Question:Consider the equation 1/(x - 1) + 1/(x + 2) = 1/4.One solution to the equation can be written as...

1. TRANSLATE the equation setup

• Given equation: \(\frac{1}{\mathrm{x}-1} + \frac{1}{\mathrm{x}+2} = \frac{1}{4}\)
• Need to find: \(\mathrm{k}\) where one solution is \(\frac{7-\sqrt{\mathrm{k}}}{2}\)

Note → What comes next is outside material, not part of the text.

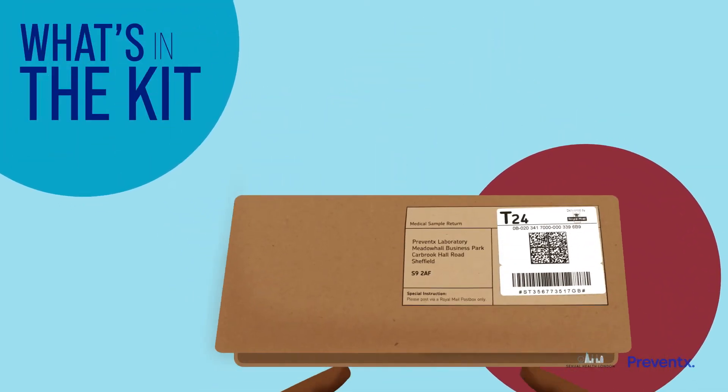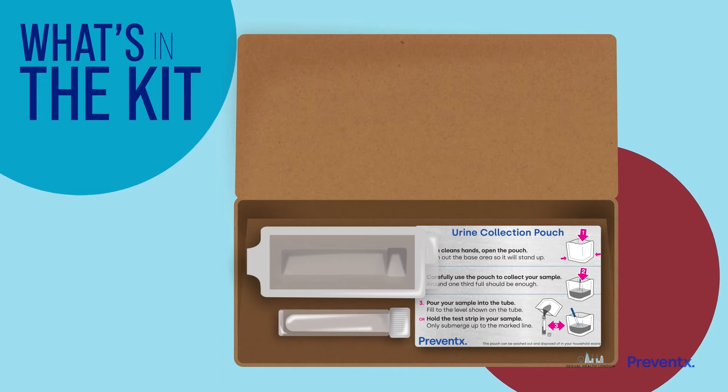To take this sample you will need the urine pouch and collection tube from your kit, as well as the urine transport pack to hold the tube once you're done.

2. INFER the solution strategy

• Two fractions on left side need to be combined before we can solve
• Once we have a single fraction, we can cross-multiply to eliminate denominators
• This will likely create a quadratic equation

3. SIMPLIFY by combining fractions

• Find common denominator: \((\mathrm{x}-1)(\mathrm{x}+2)\)
• Combine: \(\frac{1}{\mathrm{x}-1} + \frac{1}{\mathrm{x}+2} = \frac{(\mathrm{x}+2) + (\mathrm{x}-1)}{(\mathrm{x}-1)(\mathrm{x}+2)}\)
• SIMPLIFY the numerator: \((\mathrm{x}+2) + (\mathrm{x}-1) = 2\mathrm{x}+1\)
• SIMPLIFY the denominator: \((\mathrm{x}-1)(\mathrm{x}+2) = \mathrm{x}^2 + \mathrm{x} - 2\)

4. SIMPLIFY by cross-multiplying

• Now we have: \(\frac{2\mathrm{x}+1}{\mathrm{x}^2+\mathrm{x}-2} = \frac{1}{4}\)
• Cross-multiply: \(4(2\mathrm{x}+1) = \mathrm{x}^2 + \mathrm{x} - 2\)
• Distribute: \(8\mathrm{x} + 4 = \mathrm{x}^2 + \mathrm{x} - 2\)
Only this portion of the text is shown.